At this point, we have written a function that

  • has one formal argument named num with a default value of 1. The formal arguments are the arguments included in the function definition. The formals() function returns a list of all the formal arguments of a function

  • prints the message “Hello, world!” to the console a number of times indicated by the argument num

  • returns the number of characters printed to the console

Functions have named arguments which can optionally have default values. Because all function arguments have names, they can be specified using their name.

f(num = 2)
## Hello, world!
## Hello, world!
## [1] 28

Specifying an argument by its name is sometimes useful if a function has many arguments and it may not always be clear which argument is being specified. Here, our function only has one argument so there’s no confusion.

20.3 DEMO: Your First R Function

20.4 Argument Matching

Calling an R function with arguments can be done in a variety of ways. This may be confusing at first, but it’s really handing when doing interactive work at the command line. R functions arguments can be matched positionally or by name. Positional matching just means that R assigns the first value to the first argument, the second value to second argument, etc. So in the following call to rnorm()

str(rnorm)
## function (n, mean = 0, sd = 1)
mydata <- rnorm(100, 2, 1)              ## Generate some data

100 is assigned to the n argument, 2 is assigned to the mean argument, and 1 is assigned to the sd argument, all by positional matching.

The following calls to the sd() function (which computes the empirical standard deviation of a vector of numbers) are all equivalent. Note that sd() has two arguments: x indicates the vector of numbers and na.rm is a logical indicating whether missing values should be removed or not.

## Positional match first argument, default for 'na.rm'
sd(mydata)                     
## [1] 1.060141
## Specify 'x' argument by name, default for 'na.rm'
sd(x = mydata)                 
## [1] 1.060141
## Specify both arguments by name
sd(x = mydata, na.rm = FALSE)  
## [1] 1.060141

When specifying the function arguments by name, it doesn’t matter in what order you specify them. In the example below, we specify the na.rm argument first, followed by x, even though x is the first argument defined in the function definition.

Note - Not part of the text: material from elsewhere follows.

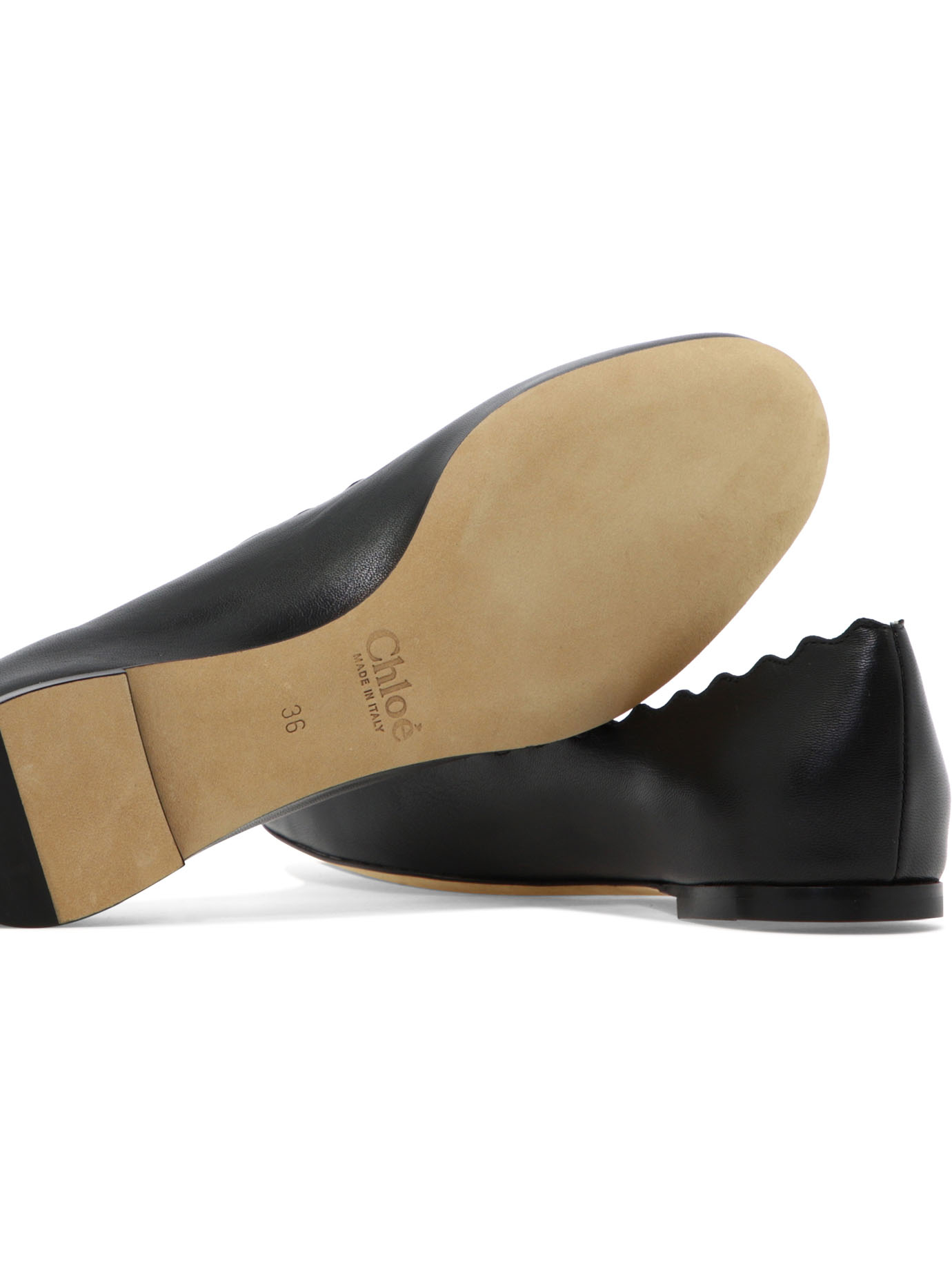 Chloè Flat shoes Black (Chloé/フラットシューズ) | Chloé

## Specify both arguments by name
sd(na.rm = FALSE, x = mydata)     
## [1] 1.060141

You can mix positional matching with matching by name. When an argument is matched by name, it is “taken out” of the argument list and the remaining unnamed arguments are matched in the order that they are listed in the function definition.

sd(na.rm = FALSE, mydata)
## [1] 1.060141

Here, the mydata object is assigned to the x argument, because it’s the only argument not yet specified.

Below is the argument list for the lm() function, which fits linear models to a dataset.

args(lm)
## function (formula, data, subset, weights, na.action, method = "qr", 
##     model = TRUE, x = FALSE, y = FALSE, qr = TRUE, singular.ok = TRUE, 
##     contrasts = NULL, offset, ...) 
## NULL

The following two calls are equivalent.

lm(data = mydata, y ~ x, model = FALSE, 1:100)
lm(y ~ x, mydata, 1:100, model = FALSE)

Even though it’s legal, I don’t recommend messing around with the order of the arguments too much, since it can lead to some confusion.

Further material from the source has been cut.